Captioned web image data |
>>>>

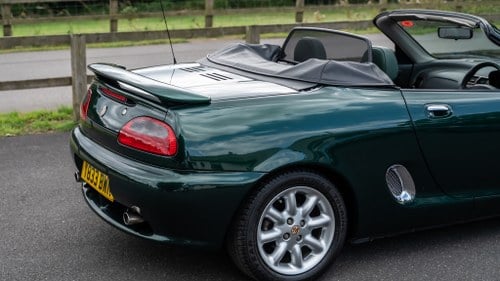 2001 MGF 1.8 MKII In vendita (immagine 99 di 151)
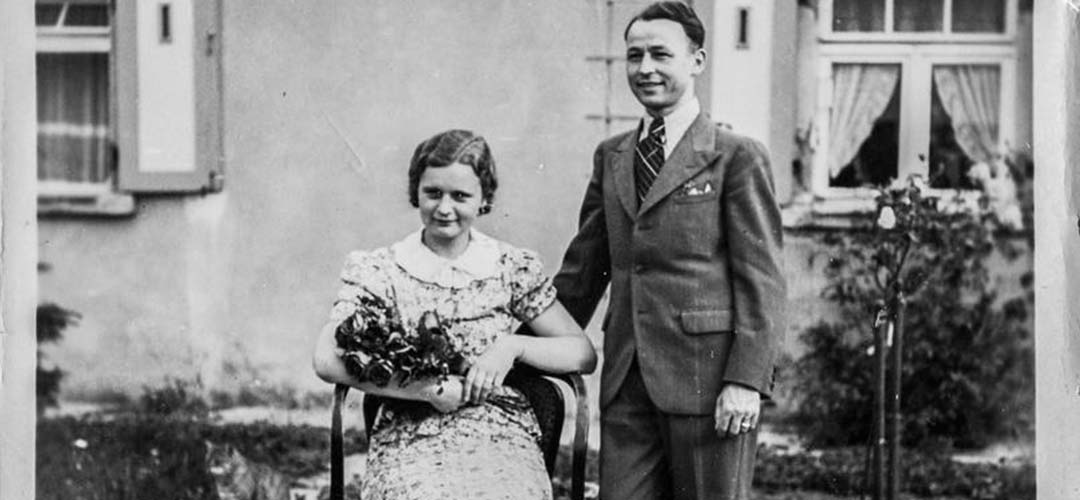 Erich Karls einziges Foto als junger Mann zeigt ihn mit seiner Frau bei ihrer Hochzeit im Jahr 1940.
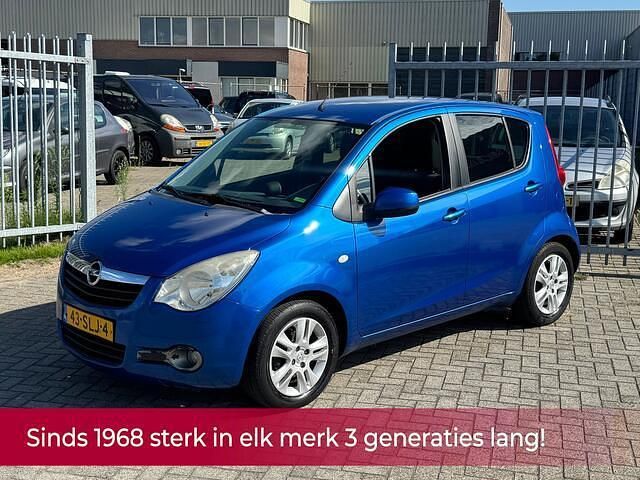 Blauw Occasion 2011 Opel Agila Edition Hatchback | € 2.290 (Eerlijke prijs) - Afbeelding 1/4
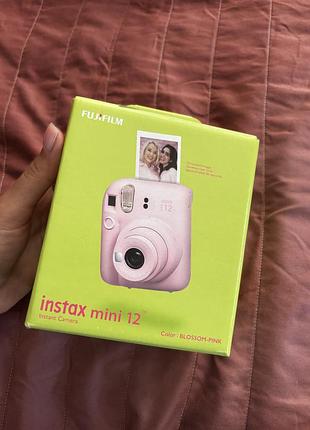 Instax mini 12 рожевий (blossom pink)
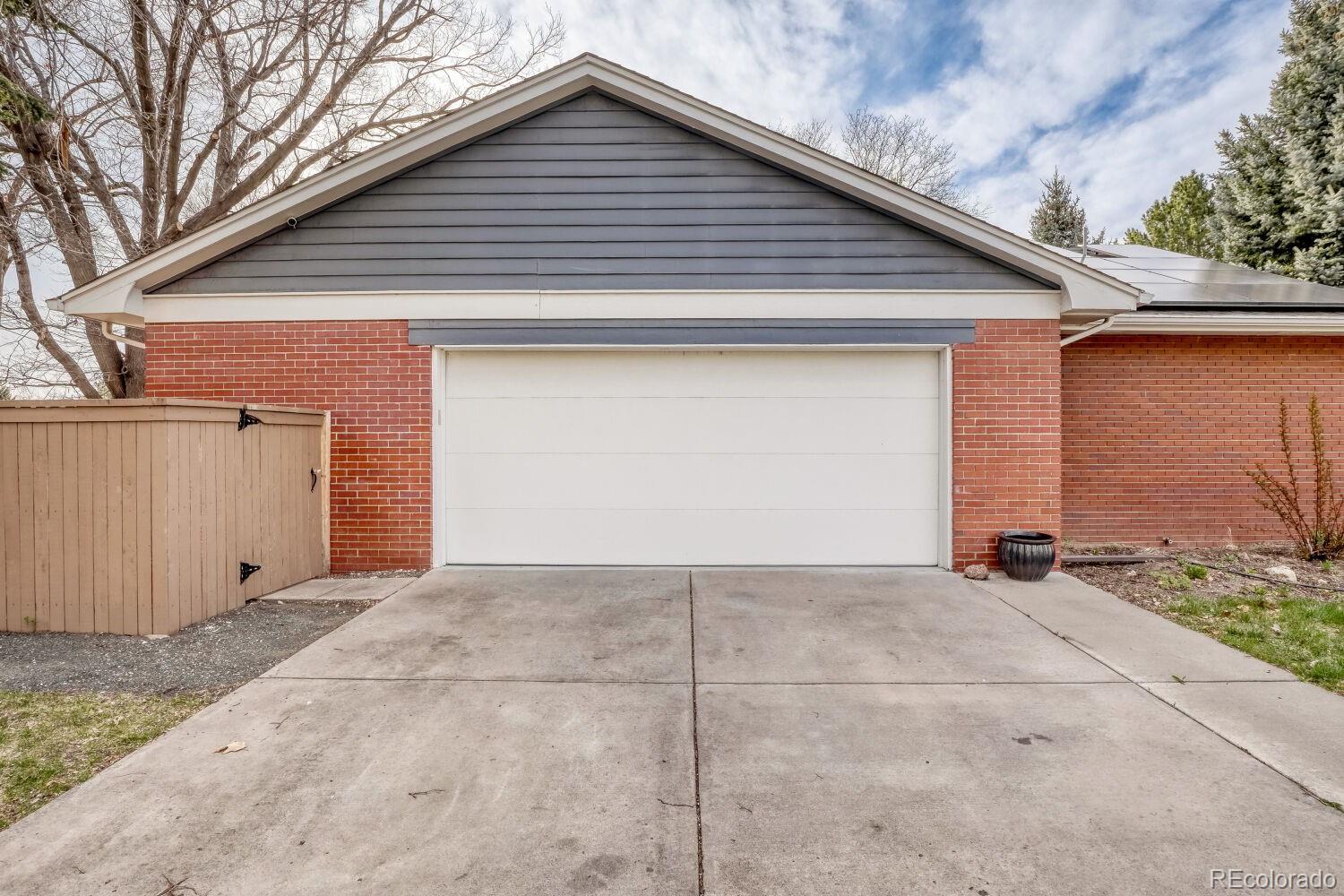 MLS Image #42 for 2600 e eldorado place,denver, Colorado
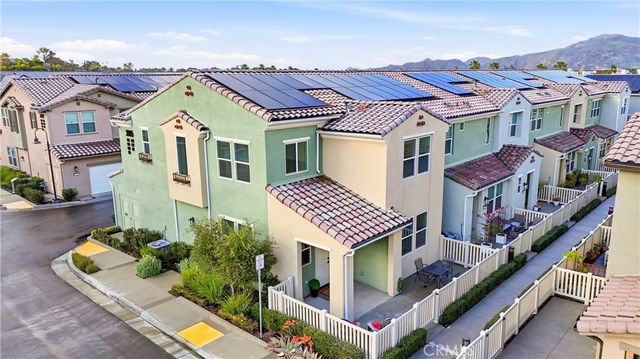 3945 Lavine Way 101, Corona, CA 92883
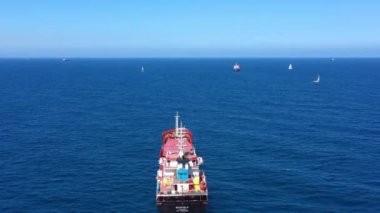 Akdeniz 'deki Genel Kargo Gemisi - AerialAshdod Limanı, Drone view, Ashdod / Israel / June / 14. 2020
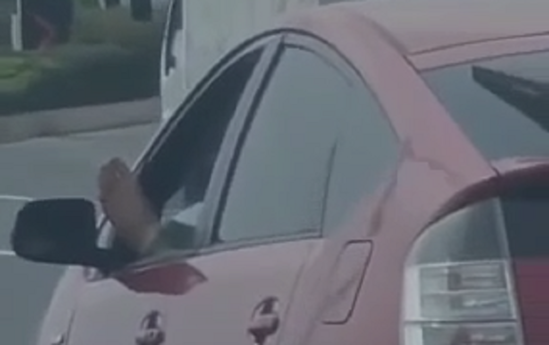 Ayağını çölə çıxardaraq maşın sürən şəxs həbs edildi - VİDEO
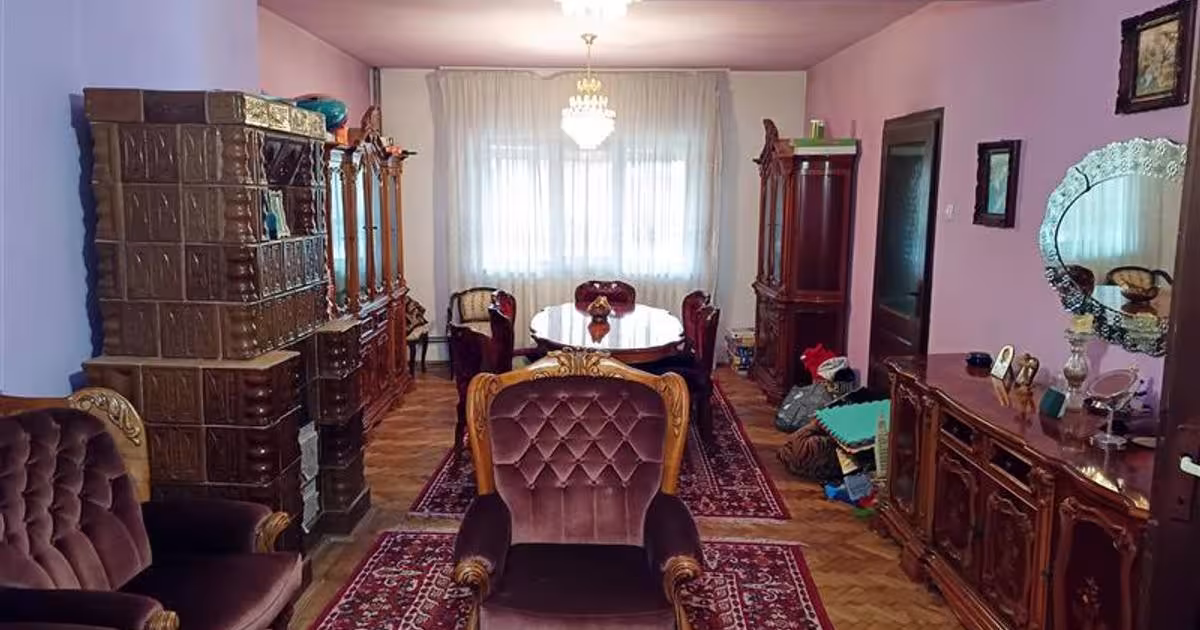 Casă individuală cu 5 camere în zona Sud, Moldova Nouă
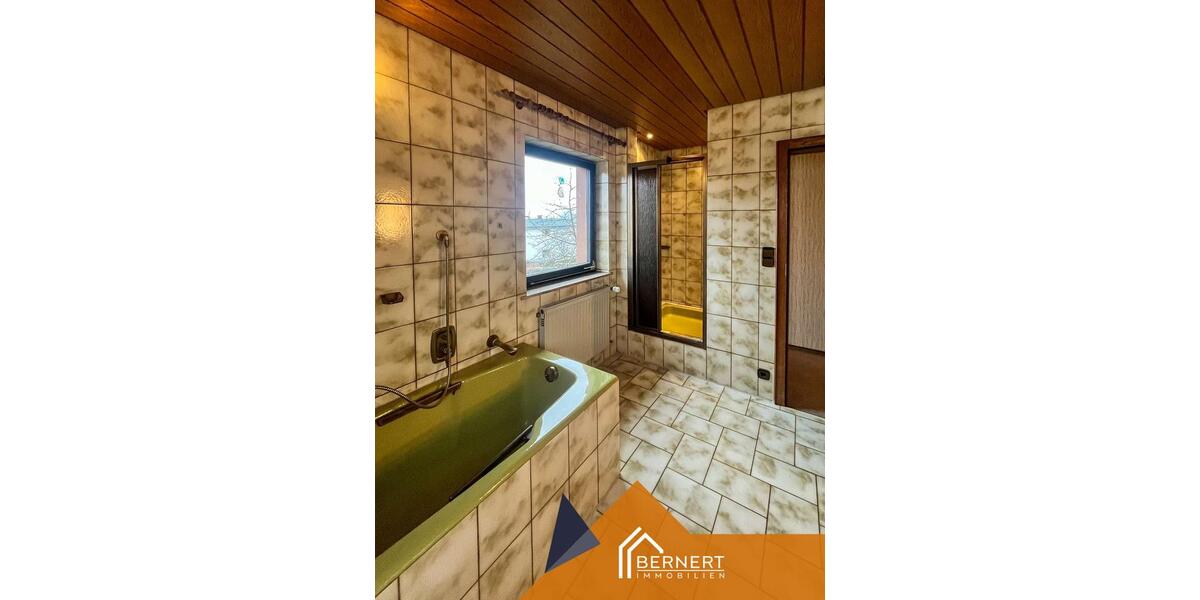 Einfamilienhaus Michelau in Oberfranken - 7 Zimmer, 200 m&sup2;, 3.000&euro; | Angebot:23879666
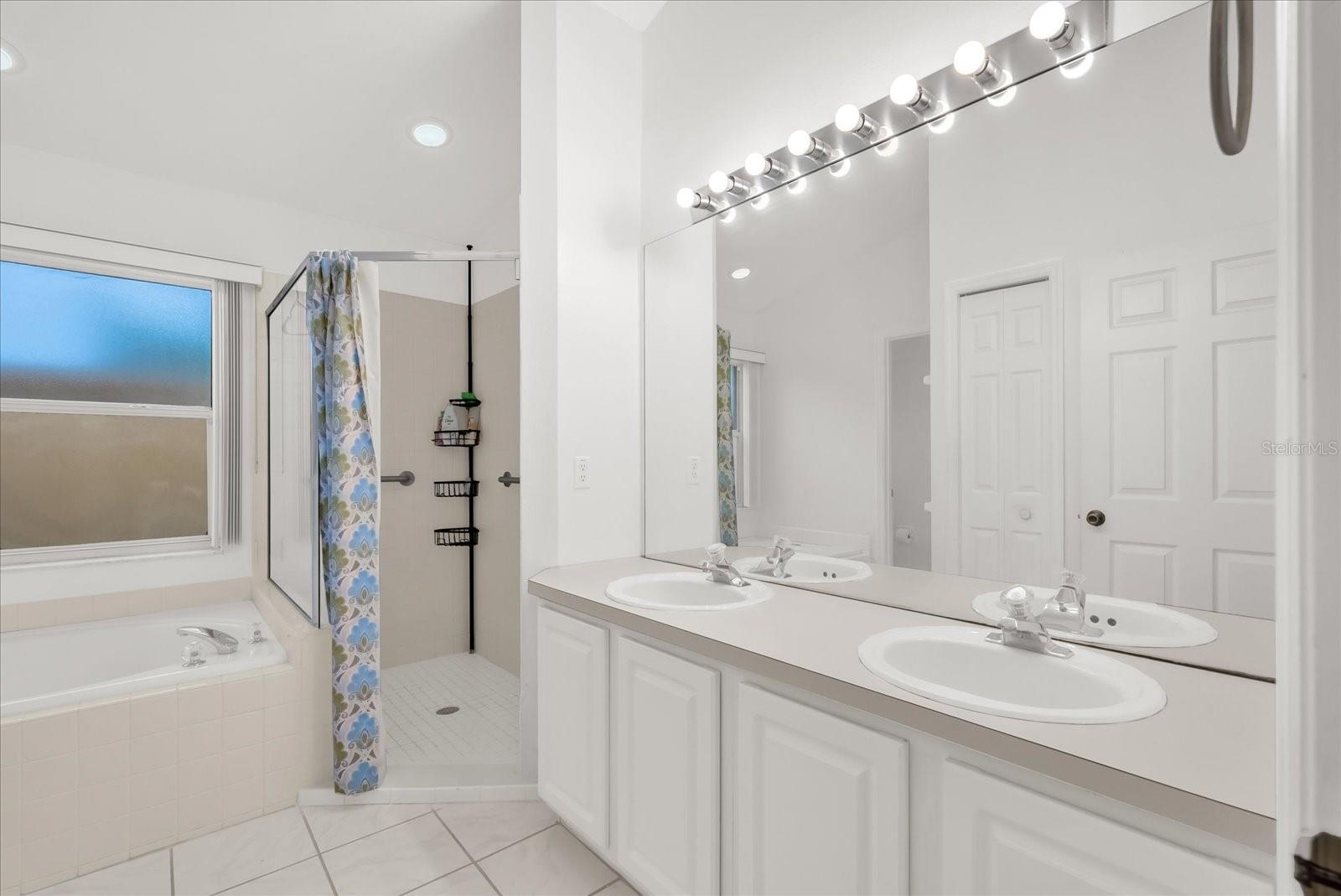 HIGHLANDS OF LAKE MARY - Residential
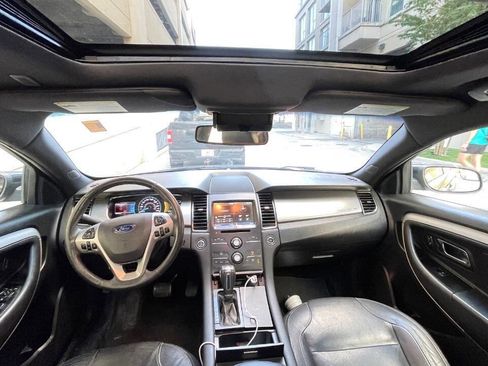 Used 2015 Ford Taurus SEL w/ Equipment Group 201A image 8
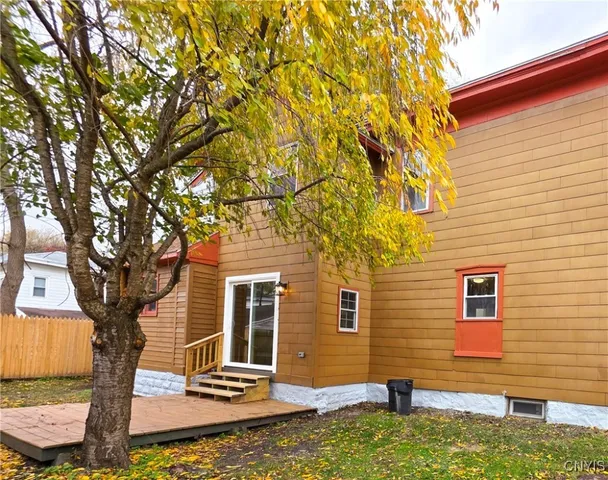 $199,900 | 17 Hoffman Street, Auburn, NY 13021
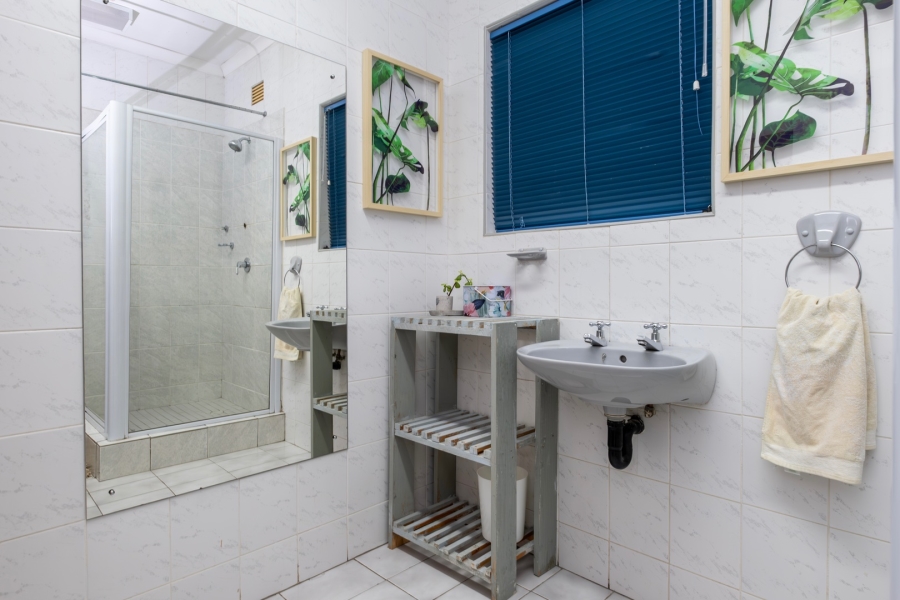 4 Bedroom Property for Sale in Bergsig Western Cape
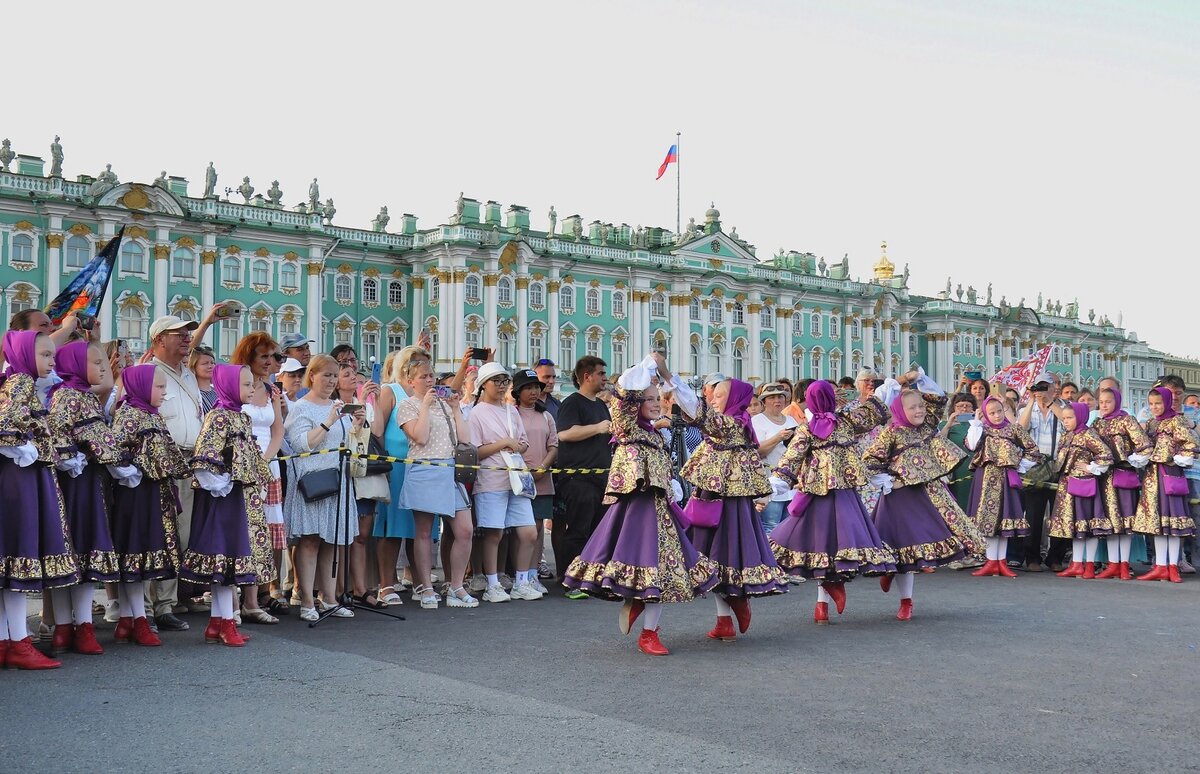 В санкт петербурге прошел фестиваль. Костюмированное шествие Октоберфест. Фестиваль на Дворцовой площади. Хороводы в Санкт Петербурге. Фестиваль хороводов.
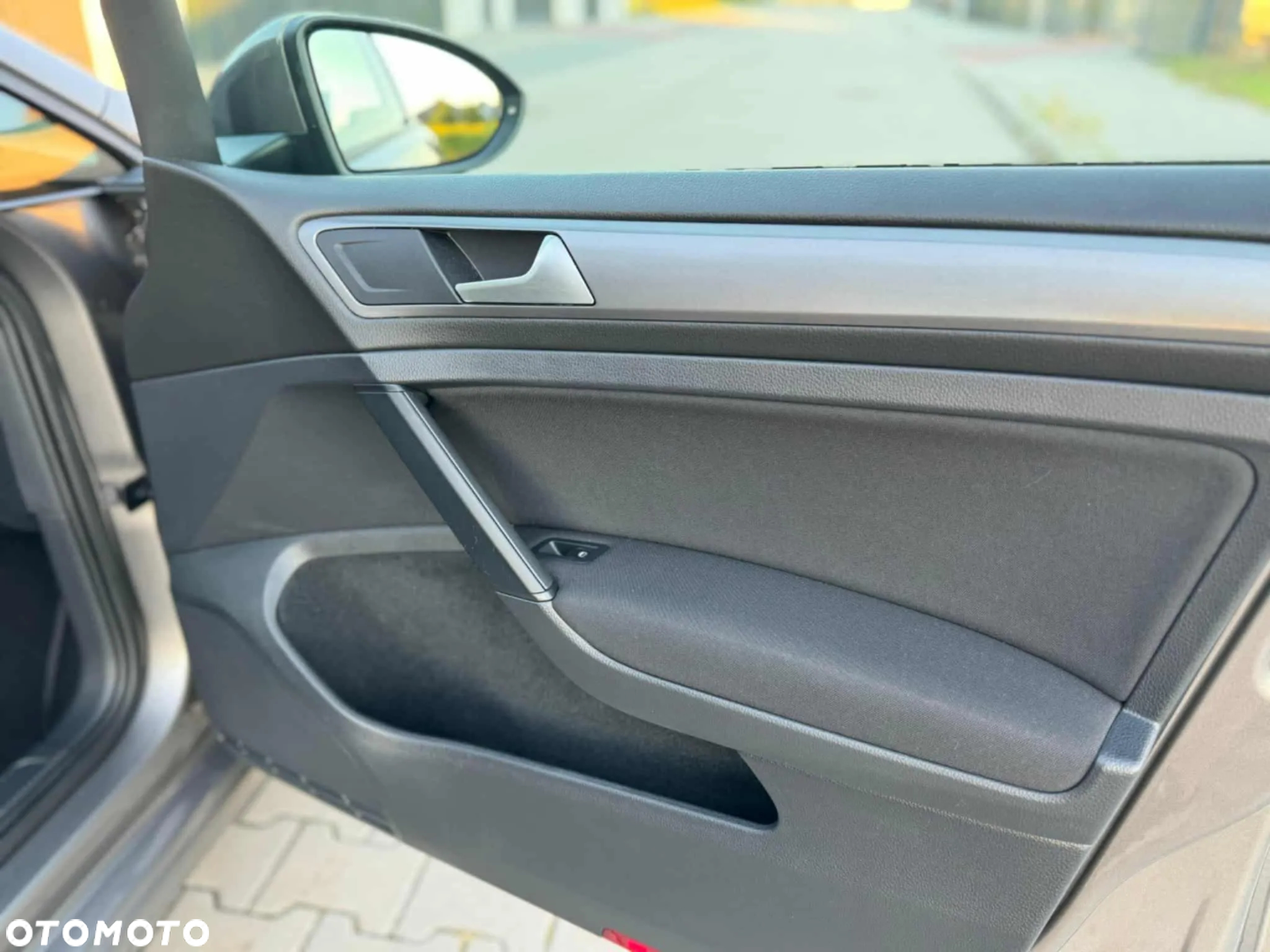 Volkswagen Golf VII 1.4 TSI BMT Highline DSG - 23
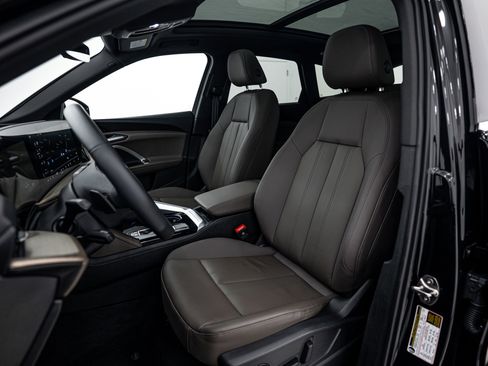 Certified 2025 Audi Q5 Premium w/ Convenience Package image 14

<<<<

Copy exactly and only this span: the line with "Auburn, NY 13021" through the final line of the entries, both ends included, with the pictures left out.

 $199,900 | 17 Hoffman Street, Auburn, NY 13021
 4 Bedroom Property for Sale in Bergsig Western Cape
 В санкт петербурге прошел фестиваль. Костюмированное шествие Октоберфест. Фестиваль на Дворцовой площади. Хороводы в Санкт Петербурге. Фестиваль хороводов.
 Volkswagen Golf VII 1.4 TSI BMT Highline DSG - 23
 Certified 2025 Audi Q5 Premium w/ Convenience Package image 14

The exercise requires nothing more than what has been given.